Ademais, há ainda outras exigências de caráter contábil e fiscal a serem cumpridas pela tomadora de serviço, como por exemplo, manter arquivados, de forma adequada, todas as notas fiscais faturas e recibos, ordenados por empresa cedente e segundo a ordem cronológica.


1 LEI Nº 8.212, DE 24.07.1991

Artigo 31, com a redação dada pela Lei nº 9.711, de 20.11.98:

“Art. 31: A empresa contratante de serviços executados mediante cessão de mão-de-obra, inclusive em regime de trabalho temporário, deverá reter onze por cento do valor bruto da nota fiscal ou fatura de prestação de serviços e recolher a importância retida até o dia dois do mês subsequente ao da emissão da respectiva nota fiscal ou fatura, em nome da empresa cedente da mão-de-obra, observado o disposto no § 5º do artigo 33. 

§ 1º: O valor retido de que trata o caput, que deverá ser destacado na nota fiscal ou fatura de prestação de serviços, será compensado pelo respectivo estabelecimento da empresa cedente de mão-de-obra, quando do recolhimento das contribuições destinadas à Seguridade Social devidas sobre a folha de pagamento dos segurados a seu serviço.
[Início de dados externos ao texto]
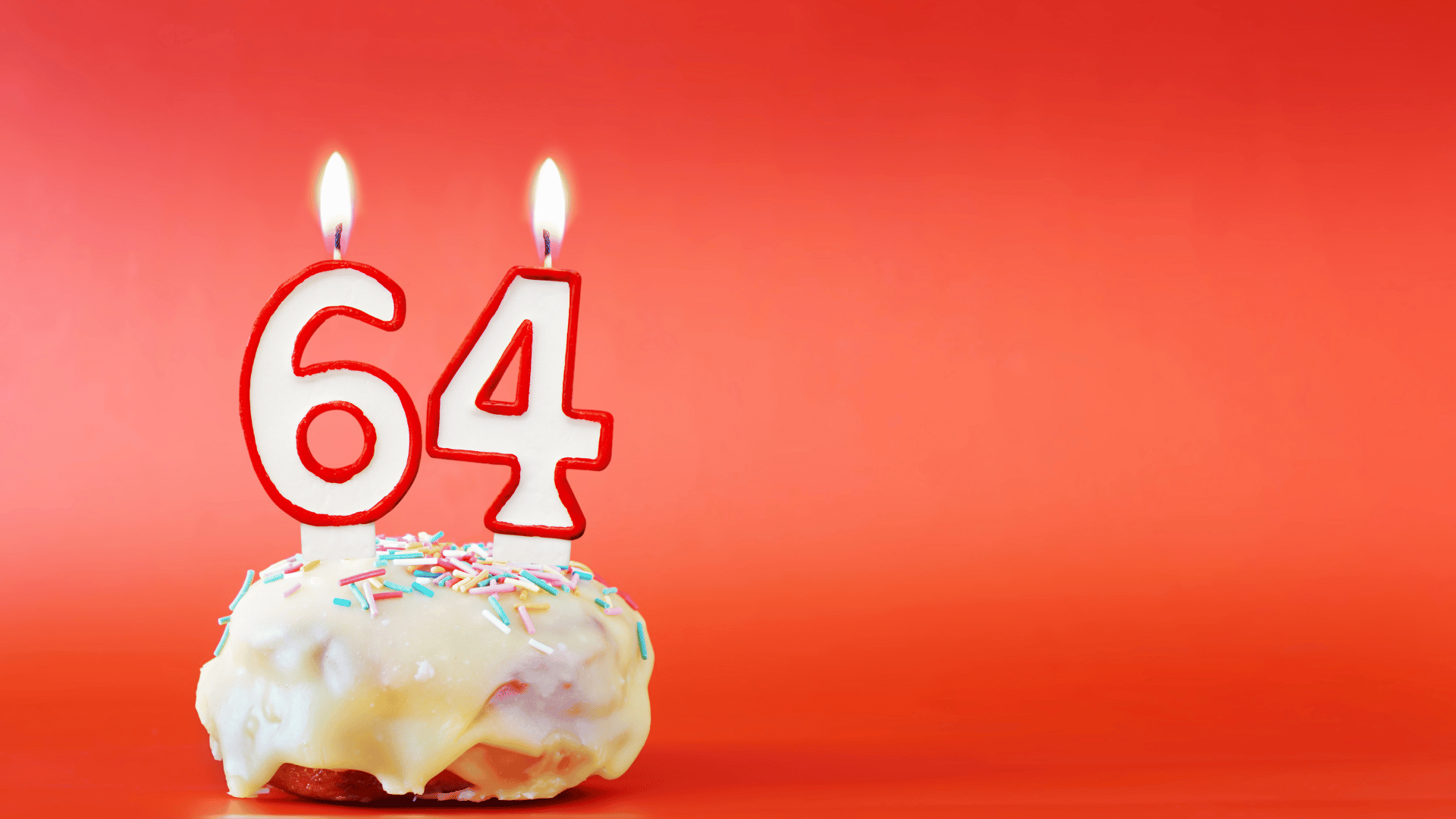 Aniversário de sessenta e quatro anos. Cupcake com vela acesa branca em forma de número 64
§ 2º: Na impossibilidade de haver compensação integral na forma do parágrafo anterior, o saldo remanescente será objeto de restituição.

§ 3º: Para os fins desta Lei, entende-se como cessão de mão-de-obra a colocação, à disposição do contratante, em suas dependências ou nas de terceiros, de segurados que realizem serviços contínuos, relacionados ou não com a atividade-fim da empresa, quaisquer que sejam a natureza e a forma de contratação.

§ 4º: Enquadram-se na situação prevista no parágrafo anterior, além de outros estabelecidos em regulamento, os seguintes serviços:
I – limpeza, conservação e zeladoria;
II – vigilância e segurança;
III – empreitada de mão-de-obra;
IV – contratação de trabalho temporário, na forma da Lei nº 6.019, de 03.01.74.

§ 5º: O cedente de mão-de-obra deverá elaborar folhas de pagamento distintas para cada contratante.”